══ Data for review
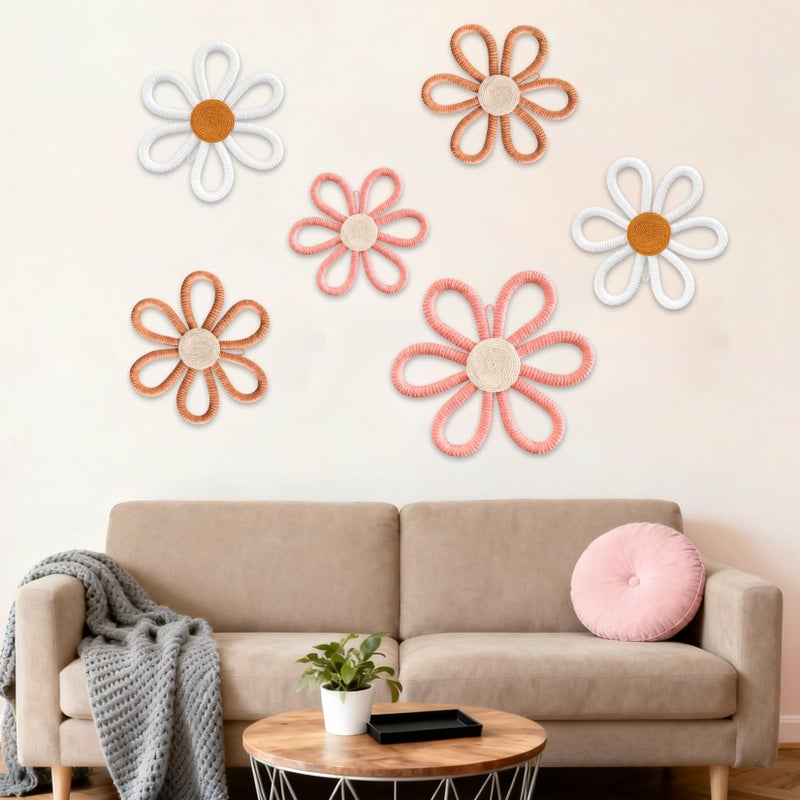 Vidroxin 6Pcs Boho Nursery DecorDaisy Flower Woven Macrame Wall Hanging 3 SizesFloral Wall Art Bohemian Room Decor for Bedroom Above BedHomeDormOffice Decoration SetPink Brown White - Image 2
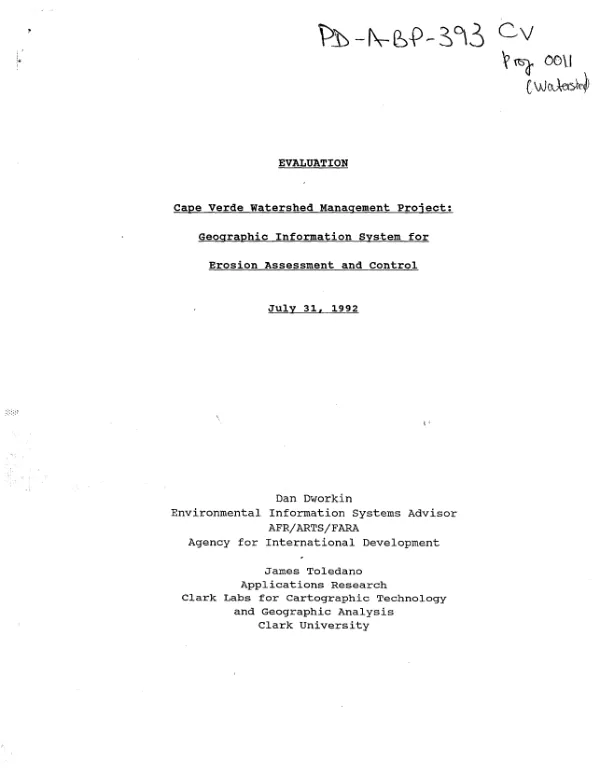 Evaluation -- Cape Verde watershed management project : geographic information system erosion assessment and control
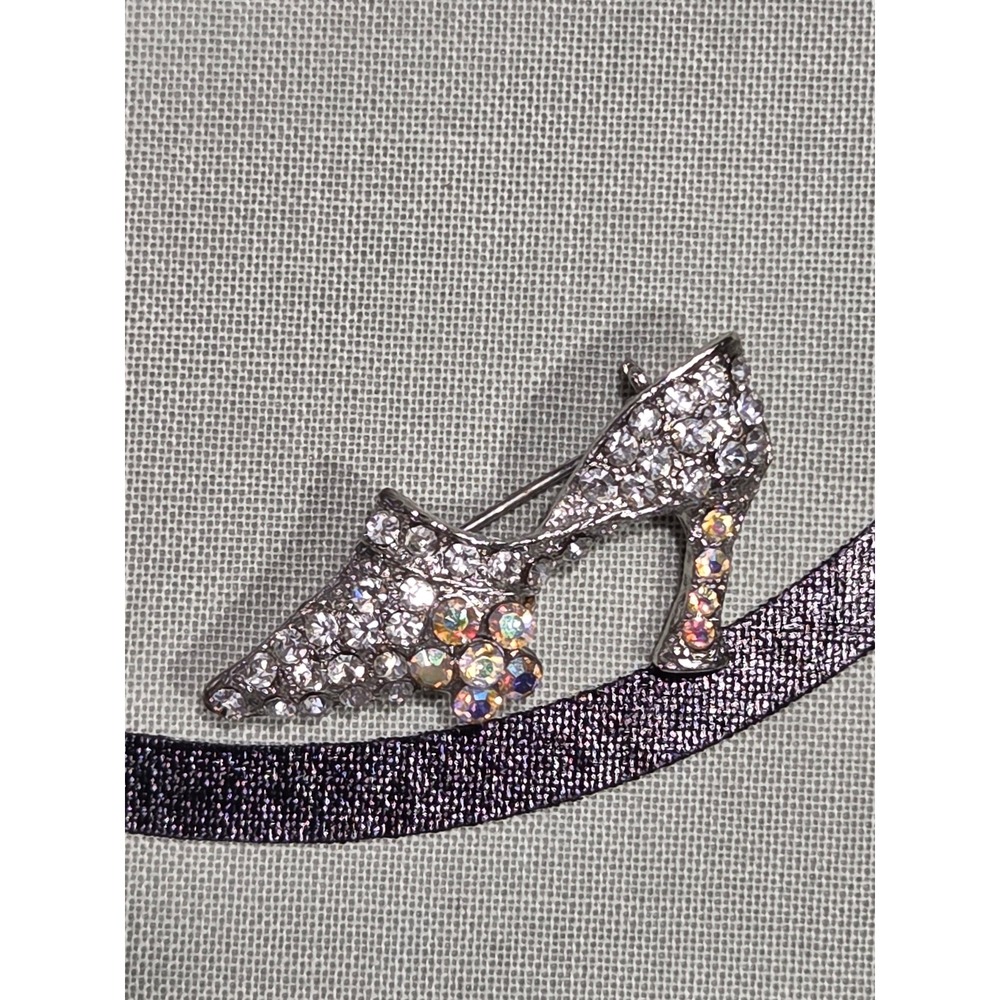 Vintage Rhinestone High Heel Shoe Brooch Pin Silver Tone Aurora Borealis Sparkly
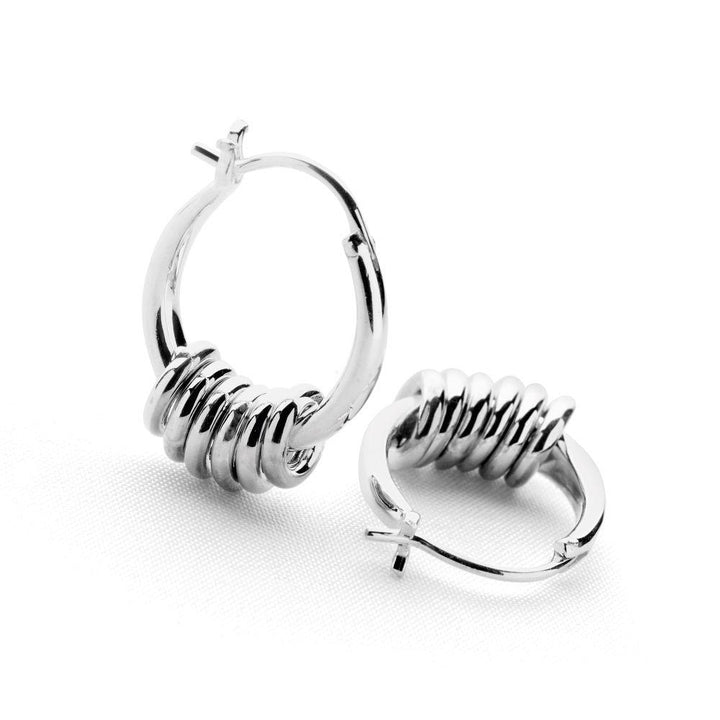 925 sterling silver rings on hoop earrings (E23451)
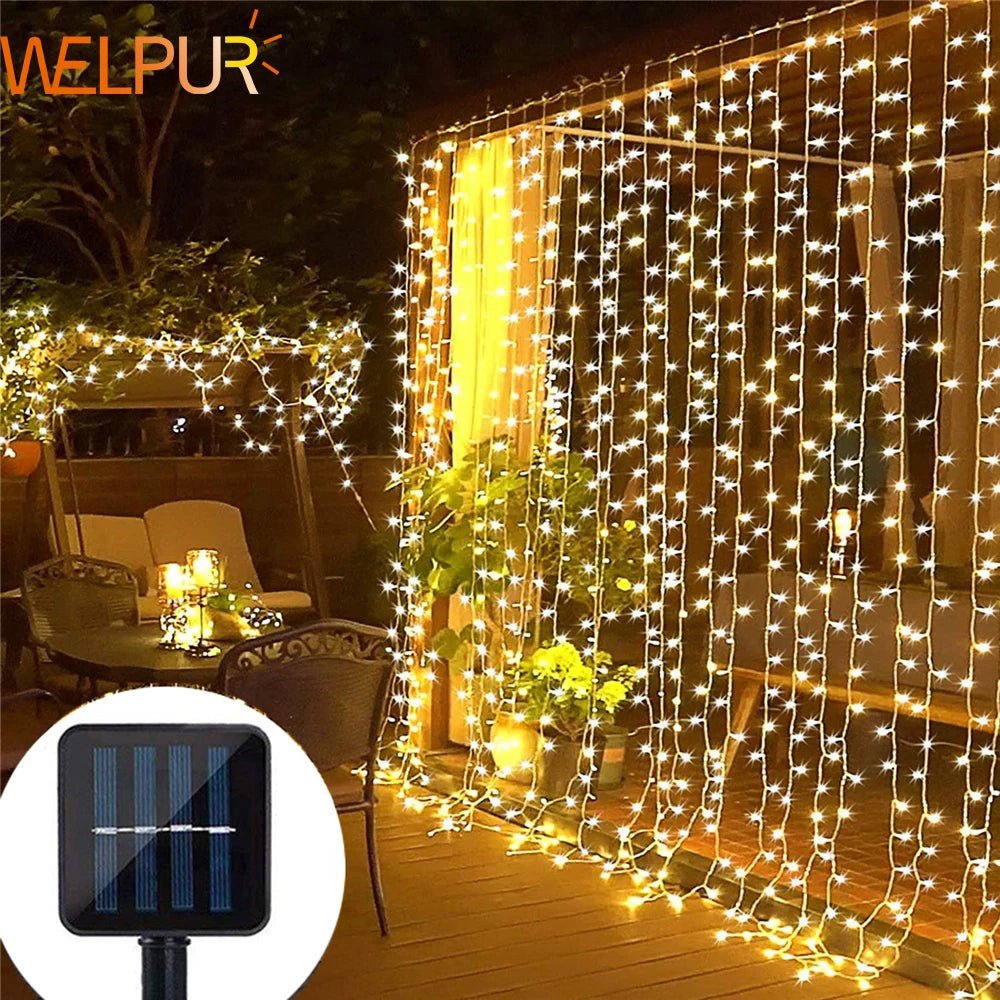 Luces de Cortina Solar LED para Exterior – 300 LEDs, Decoración de Guirnalda para Navidad y Jardín - Koda Click Chile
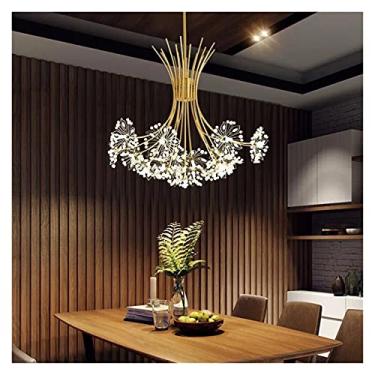 Imagem de Lustre moderno de luxo LED lustres de cristal Art Déco ouro lustre pingente compatível com sala de estar cozinha iluminação lampadario (cor: ouro, tamanho: 13luz D45 x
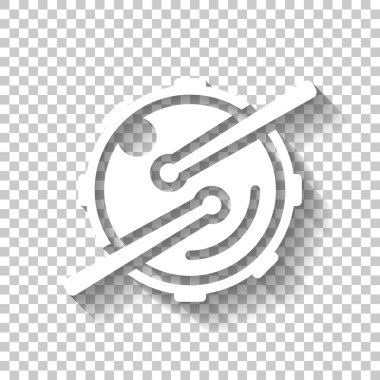 Müzik uygulama için logo davul sopaları ve kamera ile. Basit simgesi. Gölge şeffaf arka plan üzerinde beyaz simgesi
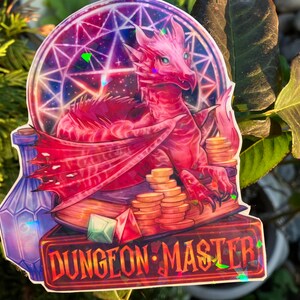 Dungeon Master D20 dice sticker | dragon | holographic | vinyl | DnD | Dungeons and Dragons | Handmade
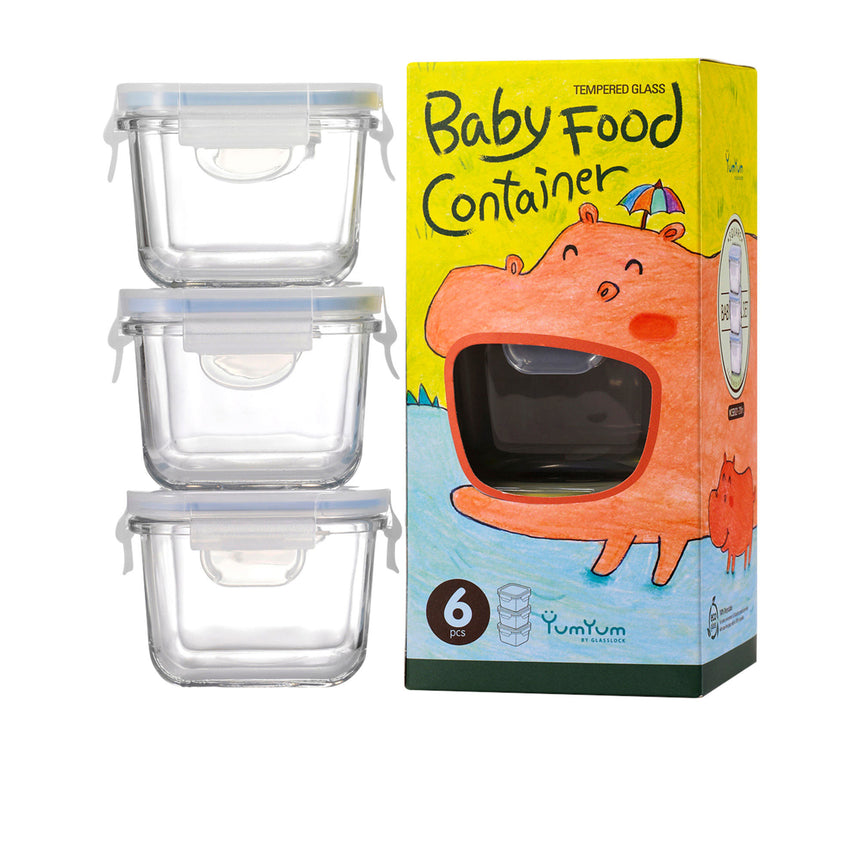 Glasslock Baby Food Container Set 3 Piece Square 210ml - Image 01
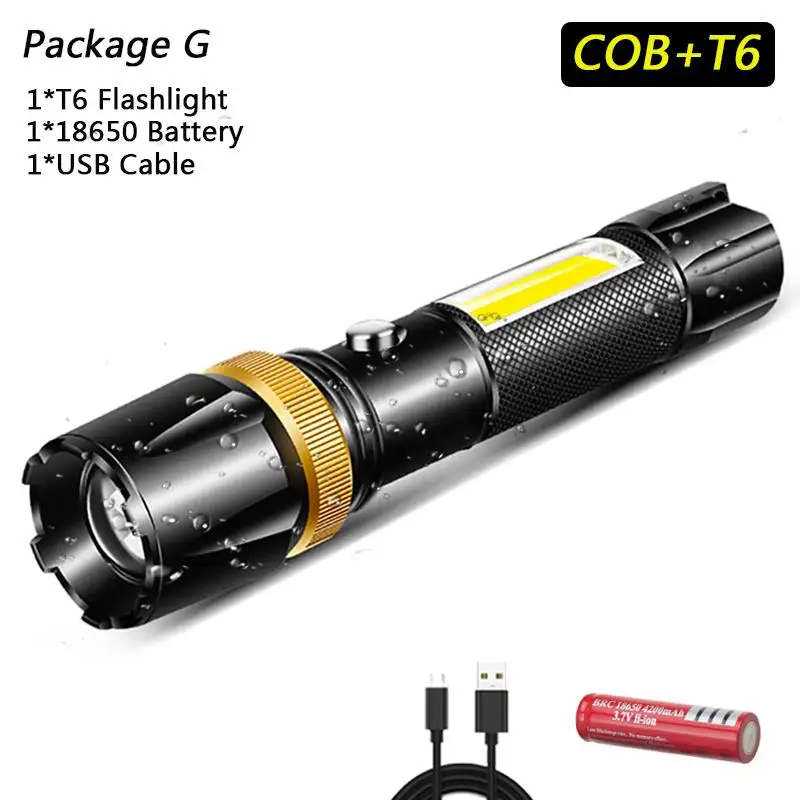 G Яркий светодиодный светильник-вспышка, водонепроницаемая COB лампа, USB Перезаряжаемый светильник, супер яркий, 5 режимов, питание от аккумулятора 18650 для кемпинга - Испускаемый цвет: G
════
• **What is required**: Could you copy every record above exactly, leaving out the pictures?

• **Reply to the task**:
 Vidroxin 6Pcs Boho Nursery DecorDaisy Flower Woven Macrame Wall Hanging 3 SizesFloral Wall Art Bohemian Room Decor for Bedroom Above BedHomeDormOffice Decoration SetPink Brown White - Image 2
 Evaluation -- Cape Verde watershed management project : geographic information system erosion assessment and control
 Vintage Rhinestone High Heel Shoe Brooch Pin Silver Tone Aurora Borealis Sparkly
 925 sterling silver rings on hoop earrings (E23451)
 Luces de Cortina Solar LED para Exterior – 300 LEDs, Decoración de Guirnalda para Navidad y Jardín - Koda Click Chile
 Imagem de Lustre moderno de luxo LED lustres de cristal Art Déco ouro lustre pingente compatível com sala de estar cozinha iluminação lampadario (cor: ouro, tamanho: 13luz D45 x
 Müzik uygulama için logo davul sopaları ve kamera ile. Basit simgesi. Gölge şeffaf arka plan üzerinde beyaz simgesi
 Dungeon Master D20 dice sticker | dragon | holographic | vinyl | DnD | Dungeons and Dragons | Handmade
 Glasslock Baby Food Container Set 3 Piece Square 210ml - Image 01
 G Яркий светодиодный светильник-вспышка, водонепроницаемая COB лампа, USB Перезаряжаемый светильник, супер яркий, 5 режимов, питание от аккумулятора 18650 для кемпинга - Испускаемый цвет: G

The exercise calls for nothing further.